In 1952, while flying from Hong Kong to Seattle, Lilly Chin gave birth to a daughter, Sherry, on a DC4 over the Aleutian Islands. As the first baby in the history of flight born on an airplane, Sherry was promised a free flight to anywhere in the world when she reached adulthood.
Lilly said that during the flight she and her 22-month-old daughter Pearl were so sick they couldn’t eat or drink, and that “Sherry wanted out because she was hungry and thirsty.” Sherry was born a month premature, and when mother and daughters were taken to a Seattle hospital on landing, Lilly was woefully unprepared to care for a new infant. The doctors and nurses were more than happy to supply everything she needed.

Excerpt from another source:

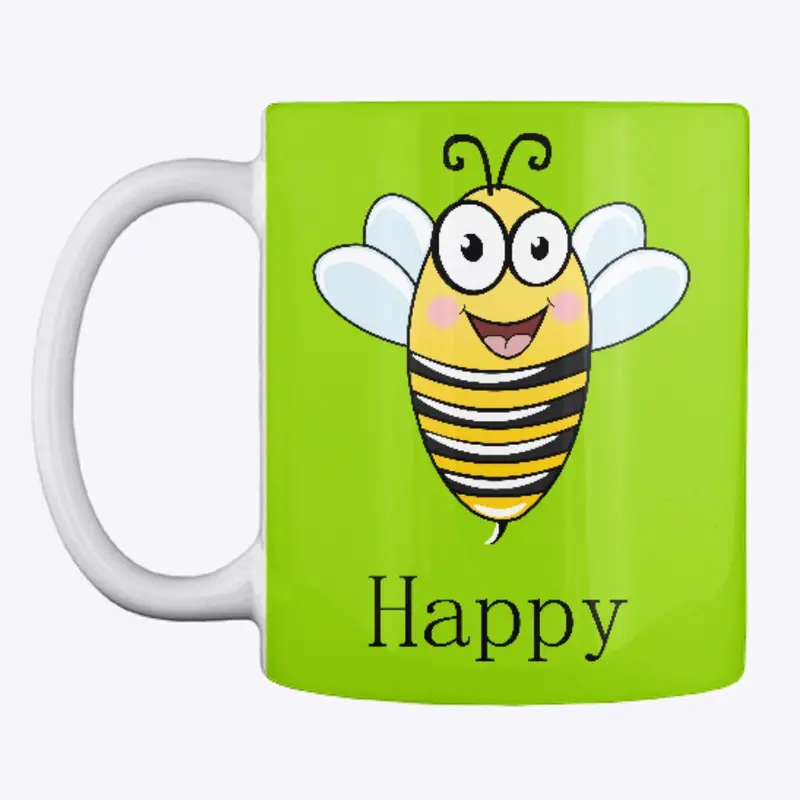 Bee Happy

Lilly Chin in 1975 owned the Hong Kong Cafe in Hermiston. Sherry graduated that year from the University of Oregon, where she majored in languages. And in May of 1975, she appeared before a CP Air ticket agent in Vancouver, B.C., with a 22-year-old newspaper article to claim her promised gift. Lilly said they were “wined and dined and treated like celebrities” by airline officials.
Fluent in Japanese, several dialects of Chinese and Spanish, Sherry chose to fly to Hong Kong. She planned to scope out job prospects with a goal of interpreting or teaching English in Taiwan.